NSF BIO Advisory Subcommittee Recommends Separate, Independent Entity for NEON User Engagement
A subcommittee tasked with understanding National Ecological Observatory Network (NEON) user engagement recommended the formation of a separate entity for community user engagement. This entity would interact directly with the National Science Foundation (NSF) to accomplish NEON’s mission and would be independent of the NEON contractor Battelle Memorial Institute. The NSF-funded half-billion-dollar ecological observatory’s construction is now completed and it is the first continental-scale platform for ecological research.
Directorate for Biological Sciences Advisory Committee (BIO AC) member and University of Minnesota plant ecologist Jeannine Cavender-Bares provided an update on the subcommittee’s findings during a May 24 meeting held at NSF in Alexandria, Virginia. The subcommittee’s full report is not yet available to the public.
The subcommittee concludes that the independent entity should maximize users’ sense of excitement about NEON, and facilitate and enhance dialogue between NEON and the ecological community, thereby building end-user trust. It should have convening power, be representative of the research community, be led by the scientists and provide a unified voice for the community. It should also empower the scientific community and serve as a scientific incubator to co-generate ideas. Another important function of the entity will be to regularly evaluate NEON by surveying users on the program’s strengths and weakness and broadly distributing the results of these evaluations. The entity could also provide large-scale peer reviews of NEON’s scientific protocols, such as the ones used by the IPCC and IPBES. According to the subcommittee, potential vehicles for community engagement and communication may include events at major conferences, workshops and unconferences and an online platform.
The subcommittee members explored models from similar entities across the scientific community, including LIGO, the Ocean Observatories Initiative, and the Long-Term Ecological Research Network.

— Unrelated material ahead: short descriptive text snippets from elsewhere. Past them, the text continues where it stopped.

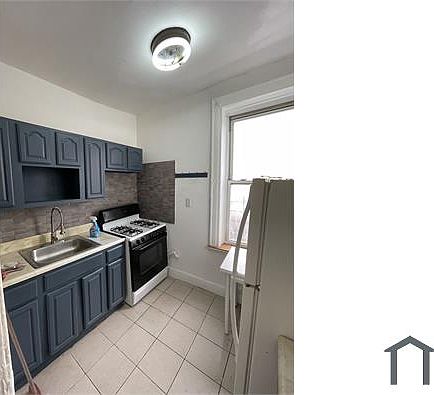 1st image of 9119 172nd St #D9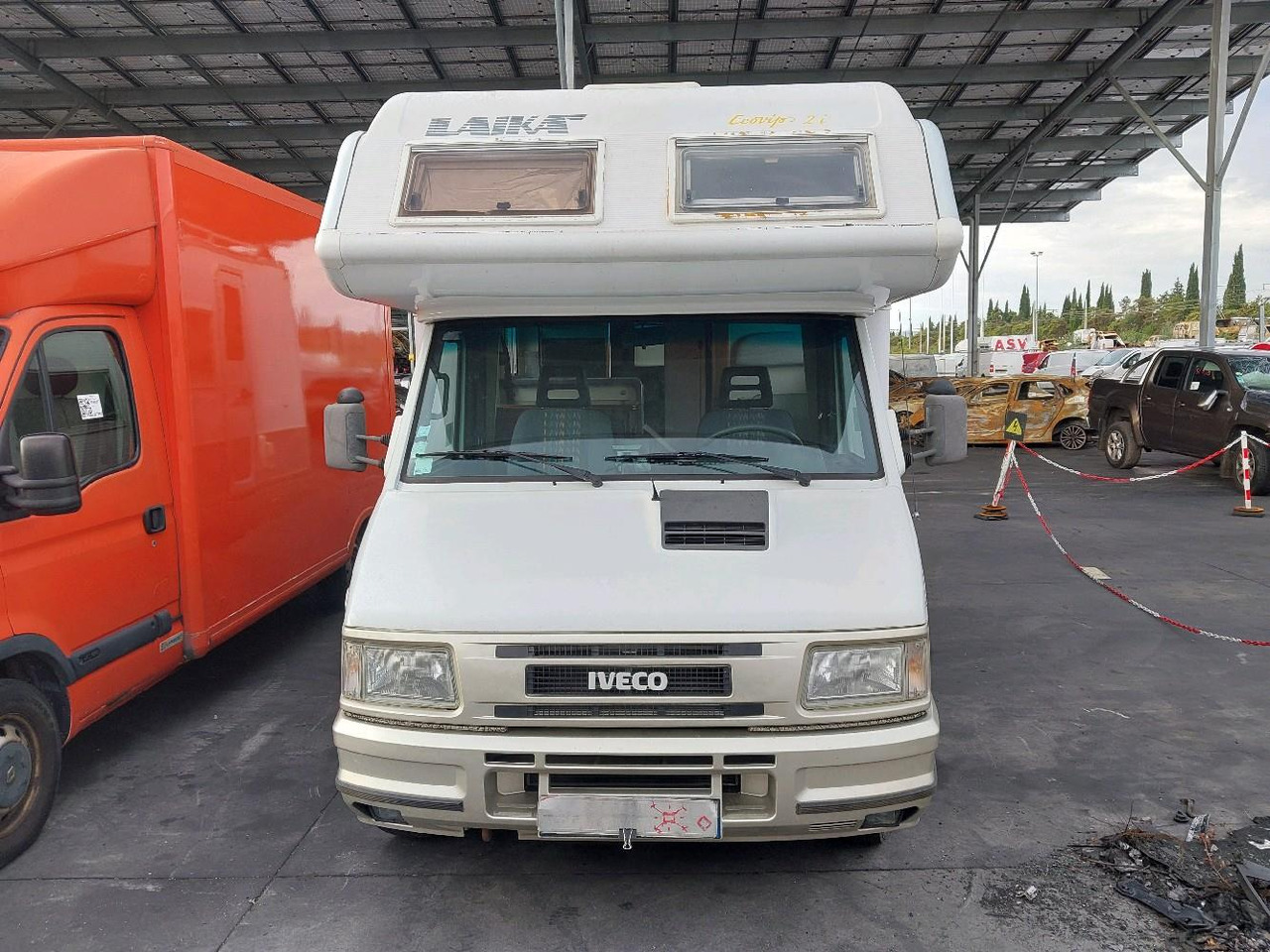 IVECO LAIKA 35.12 CAMPING 122 - Autocaravana capucine: foto 1 IVECO LAIKA 35.12 CAMPING 122 - Autocaravana capucine: foto 1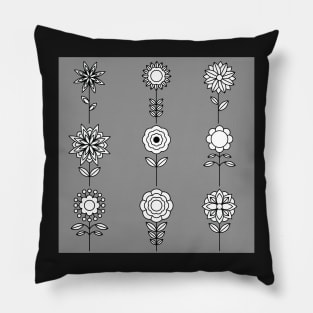 Black and white flower pattern Pillow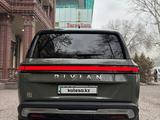 Rivian R1S 2023 года за 61 000 000 тг. в Алматы – фото 4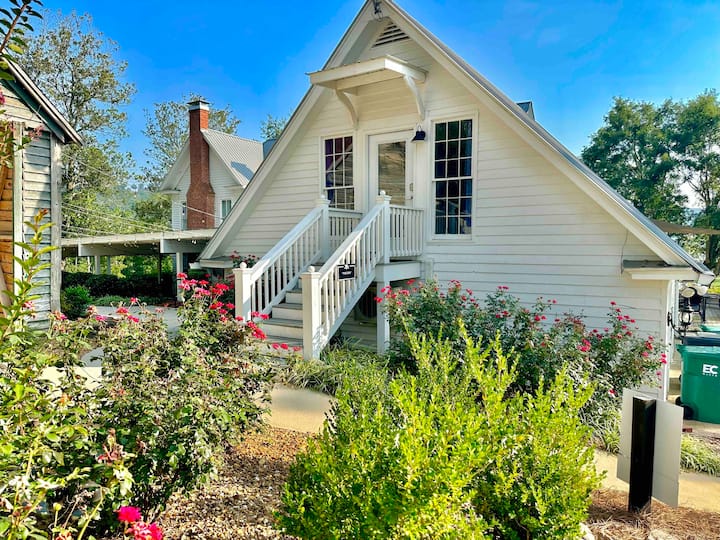 כניסה אל "The Den"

It also considered current avenues used by the scientific community to provide input to NEON, Battelle and NSF, including the Science, Technology and Education Advisory Committee (STEAC) that reports to Battelle, and the technical working groups. The subcommittee found that another entity is needed to fully engage the scientific community.
The BIO AC voted to accept the report from the subcommittee ‘as is’ without any modifications. Cavender-Bares read a statement from ESA that largely echoed the subcommittee’s recommendations.

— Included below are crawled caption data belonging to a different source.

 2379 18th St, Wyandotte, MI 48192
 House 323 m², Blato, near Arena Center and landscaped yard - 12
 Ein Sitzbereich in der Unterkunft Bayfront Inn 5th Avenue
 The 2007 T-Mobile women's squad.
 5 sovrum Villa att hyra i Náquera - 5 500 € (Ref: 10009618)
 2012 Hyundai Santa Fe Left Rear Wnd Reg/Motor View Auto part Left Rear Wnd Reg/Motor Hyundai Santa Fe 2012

NSF Director France Cordova joined the meeting and said that she has read the subcommittee’s report and will use it as NSF staff discusses the best management structure for NEON. Cordova broke down NEON management needs into three categories, emphasizing the different skill-sets need for each category: 1) Operations: keeping instruments in working order 2) Science: ensuring that data is usable and 3) Outreach: engaging the user community through outreach and ensuring that data is used by the scientific community and provides value to the country.
Battelle’s current contract to operate NEON expires in October 2020. It is the default position of NSF that operations awards for all facilities are competed openly. The NSF fiscal year (FY) 2021 budget submission to Congress says that an additional 12 months of funding to Battelle is authorized but will only be awarded at the NSF Director’s discretion in FY2021. In a follow-up message to ESA, NSF said that there are no specific plans to issue a solicitation for NEON management that NSF can share at this point.

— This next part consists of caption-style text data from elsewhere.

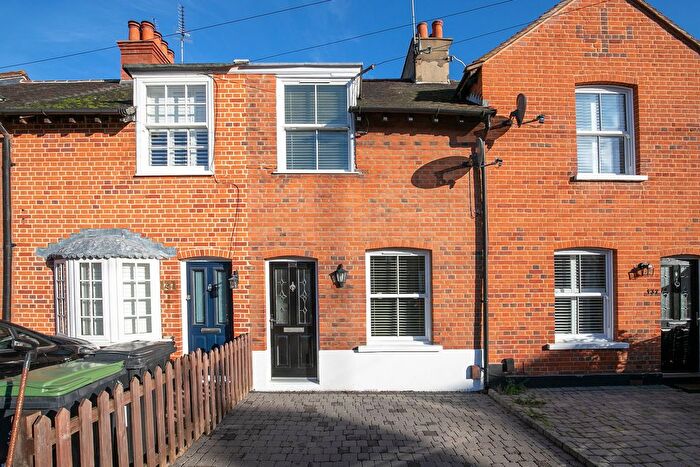 2 Bedroom Terraced House For Sale In Smarts Lane, Loughton, IG10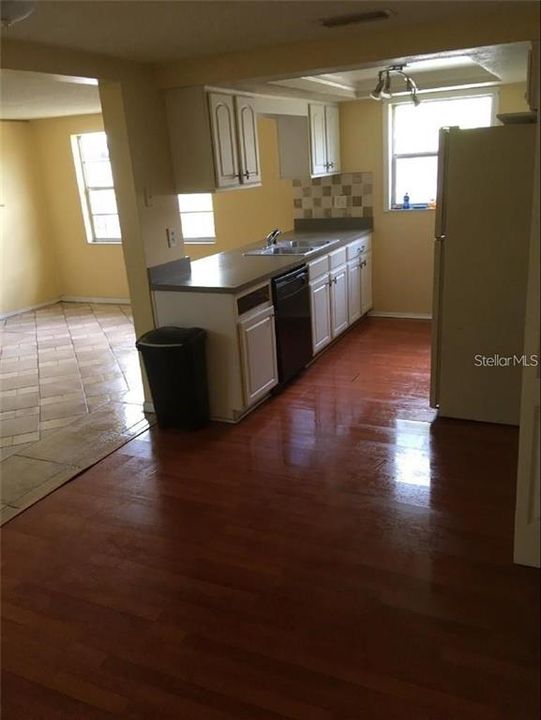 Recently Rented: $1,595 (2 beds, 2 baths, 1290 Square Feet)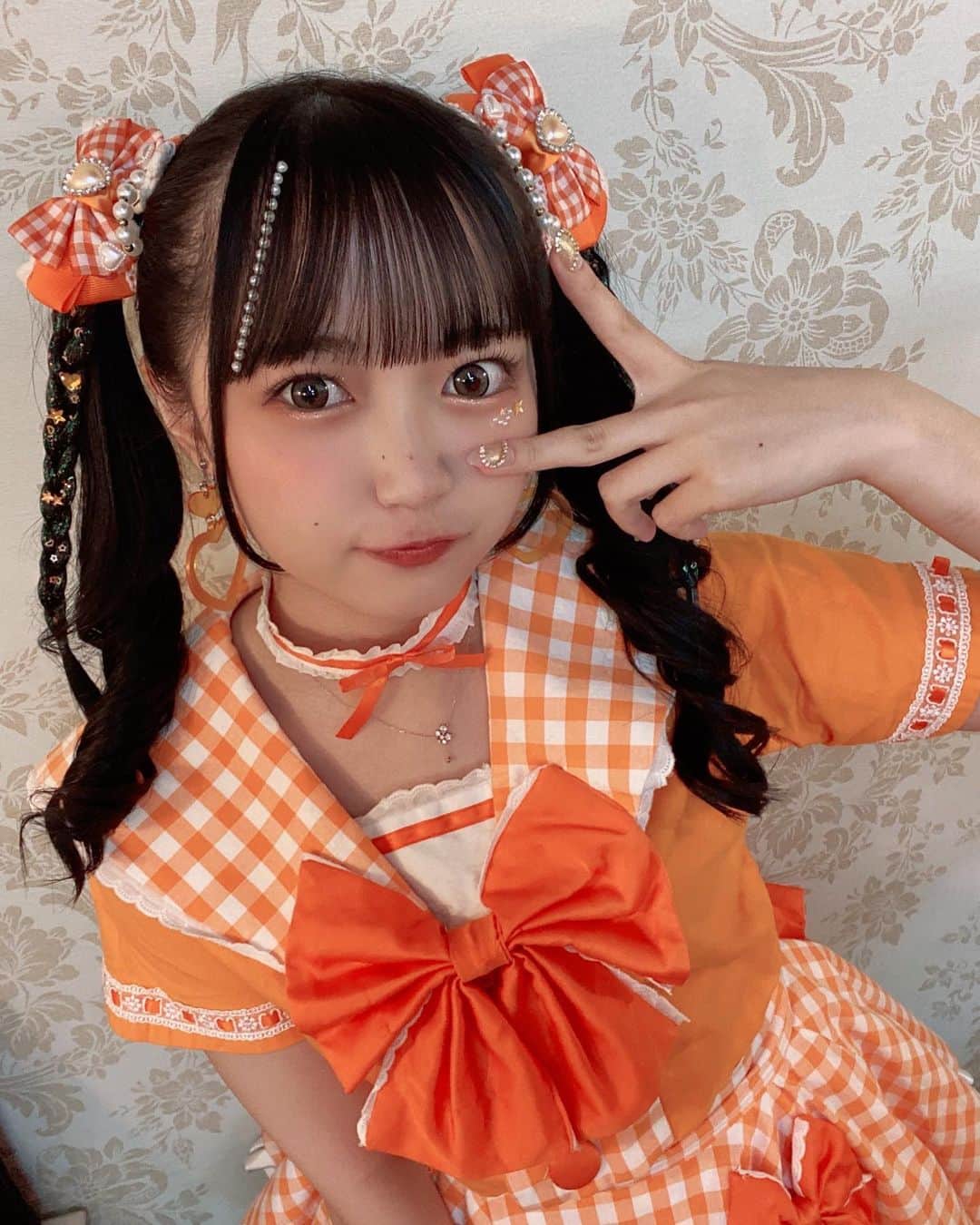 上田美夢さんのインスタグラム写真 - (上田美夢Instagram)「PureGiのみゆを見つけてくれて、好きになってくれてありがとう。🧡  今日のヘアは @otaku_hairdresser さんがやってくださいました💖 過去最強にきらきらしてたー！🥹💞💞可愛く変身させてくれてありがとうございました‎꒰ᐡ⸝ɞ̴̶̷ ·̮ ɞ̴̶̷⸝ᐡ꒱⟡.·*.  ┈┈┈┈┈┈┈┈┈♡┈┈┈┈┈┈┈┈┈┈  公式 @puregi_official  ・ ・ #PureGi #ぷれっぢ  #MIYU  #アイドル #オレンジ担当 #アイドルガーリー #フレンチガーリー  #夏 #高校生 #JK #JKブランド #みゆまる #ブリーチなしカラー #ブリーチなし #暗髪カラー #暗髪  #アイドルヘア #黒髪カラー #暗髪カラー #重めぱっつん #重め前髪 #黒髪ロング #ツインテール」9月18日 20時33分 - __m.u2525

NEON completed construction and became fully operational in early 2019. Battelle briefly disbanded – and then reinstated – the STEAC in January 2019. Concurrently, NEON Chief Scientist Sharon Collinge resigned after Battelle fired two senior staff members without her knowledge. Battelle’s Chief Scientist Michael Kuhlman said that the decision to disband the STEAC was based on his “erroneous assumption that such advisory bodies were routinely reconstituted at the change of leadership of NSF large facilities.” Battelle took over NEON construction in 2016 after NSF fired former contractor NEON, Inc over mismanagement issues. In 2016, NSF changed NEON’s management from NEON, Inc. to Battelle.
Nine of the 20-members of the STEAC resigned May 22 citing its lack of independence and its inability to communicate directly to NSF. Cavender-Bares read critical statements about Battelle and user engagement from two STEAC members who recently resigned. Letters from these STEAC members are posted online.